Q: Is it frustrating to be limited out here for the first week and a half or is it kind of nice to get a little rest?
SV: I do what I can do with trainers and coaches and strength staff and whatever. I do what they tell me to do. I can't really do much about it, so that's what I do.
Q: You're a veteran now. Has that perspective ever hit you when you look around and see young guys and rookies next to you?
SV: Yeah, it goes quick. Coming in with Matt Light and Logan [Mankins] and all those guys, I was one of the younger guys and now I'm one of the older ones. It kind of happens. You've just go to do what got you to this point and keep doing it – try to build on last year I guess.
Q: What do you see from the two guards the Patriots drafted?
SV: They work hard. I think that's what training camp is about. We all have our issues we have to work out, so it's kind of hard to concentrate on other people. They're all trying to work hard and trying to get better.
Q: How would you describe this offseason in terms of how you approached your work?
SV: It's about the same answer. Whatever you can do, you do, whether it's a certain lift and you have to not do that or whatever it is, running. You just kind of work on yourself and try to get better – conditioning, strength, whatever it is.
Q: How much of your performance is tied into the right guard and his ability to play with you? Do you try to build up chemistry with a guy like Tre' Jackson at this time in the year?
SV: Yeah, obviously you want to line up next to the guy you play with, but it's football – injuries happen. People [end up] not on a team for whatever reason, so you try to get that chemistry with every guy you have who could potentially line up next to you. As long as everyone does their assignment and knows what they're doing you should be OK. There are subtle differences. You kind of want to adjust to that, but I'd say as long as you do what you do, you should be OK.
Q: Have you gone back to Germany since the Super Bowl? What was the reaction?
SV: I did not. It's not soccer, so I don't know.
Q: The other day, Willie McGinest mentioned how fast your playing career goes. Does it feel like it went fast when you look back and you're already here?
SV: I don't think it's time to reflect. It's kind of looking forward. Training camp is hard, the dog days of training camp, and I'm trying to get through that and build on yesterday and the day before and all that stuff. Whenever you're done I think you reflect on what you did in your career.
Q: Does the fact that you can see the first game approaching help unwind from the dog days of training camp?
SV: Yeah, I guess. We're going to start hitting other people. That's good, but it still seems far away.
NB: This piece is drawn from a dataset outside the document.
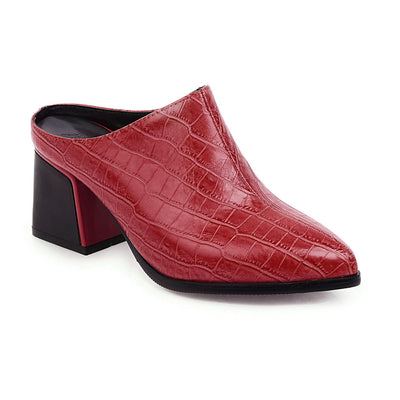 Zapatos Baotou Talla Grande con Patrón de Piedra - Image 9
More practice is coming, so you have to take it one day at a time.
Q: How much do the joint practices with other teams help in terms of energy level and breaking up the monotony of training camp?
SV: That's exactly right. I think one, you hit different guys. You see different schemes. You kind of measure yourself up against another guy you might face later on in the future. I think it's more like a point where you can measure yourself and what you've done so far, see where you are and just get right to it.
Q: Since you practice against them, what are your thoughts on the newcomers on the defensive line?
SV: Again, everyone works hard. They've got their issues. I've got mine. We'll see. In the first game, we'll see.